> Available data:
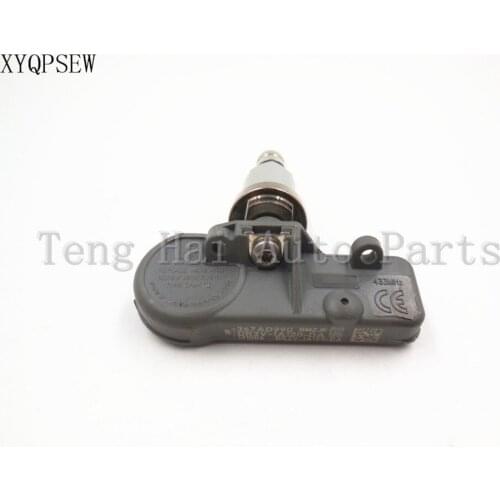 XYQPSEW (x1) For Ford Tire pressure sensor, tire pressure monitoring sensor DR3V-1A180-DA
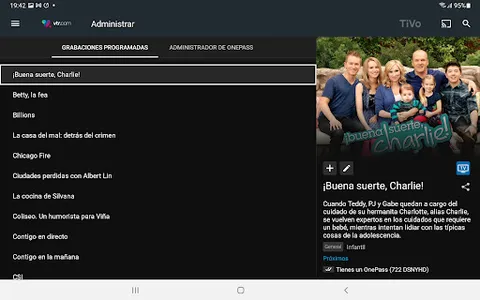 VTR Play screenshot 15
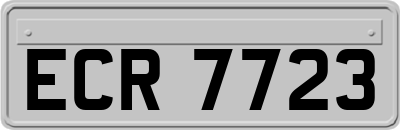 ECR7723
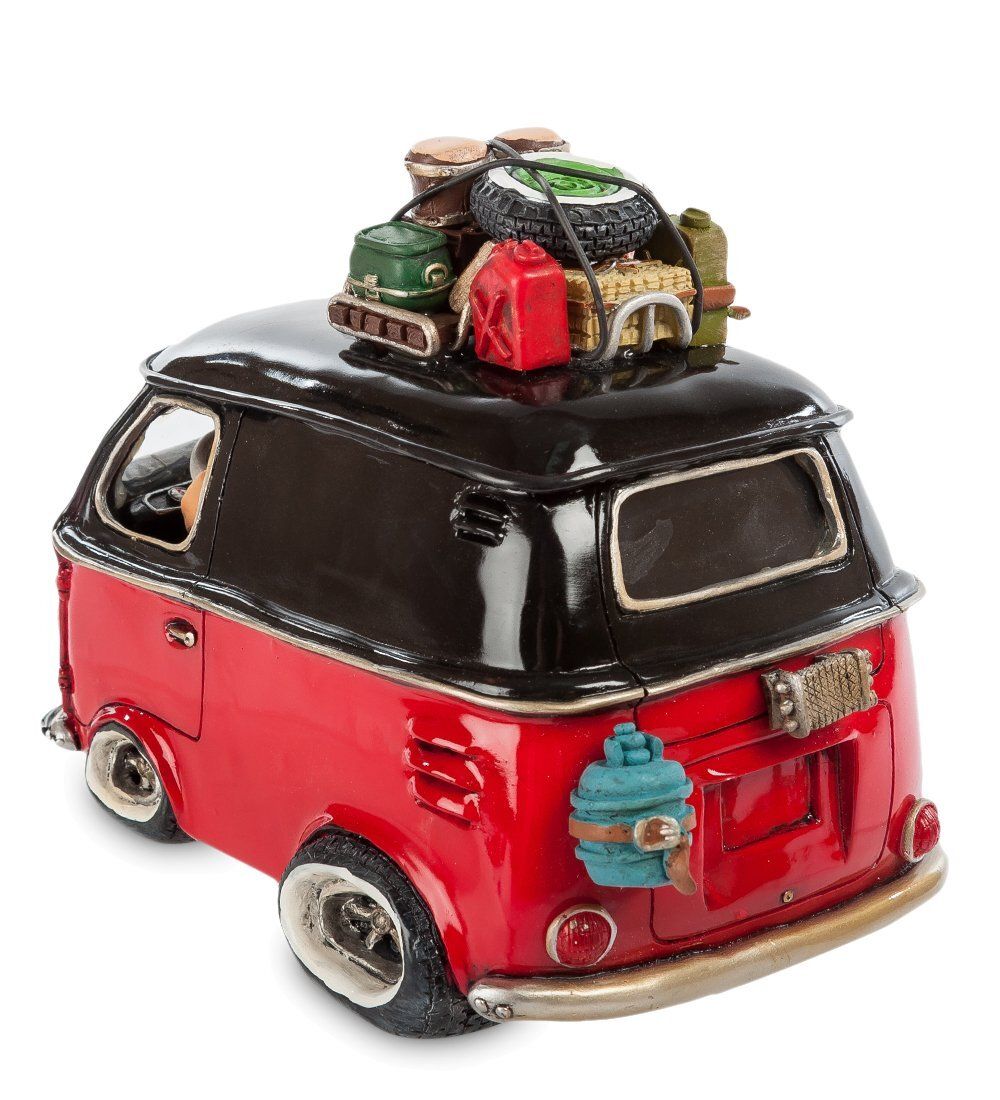 SCAR-90 Машина «Ramblin Van»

> Task to carry out: Using the material above, return every line exactly as it appears, minus the pictures.

> Task response:
 XYQPSEW (x1) For Ford Tire pressure sensor, tire pressure monitoring sensor DR3V-1A180-DA
 VTR Play screenshot 15
 ECR7723
 SCAR-90 Машина «Ramblin Van»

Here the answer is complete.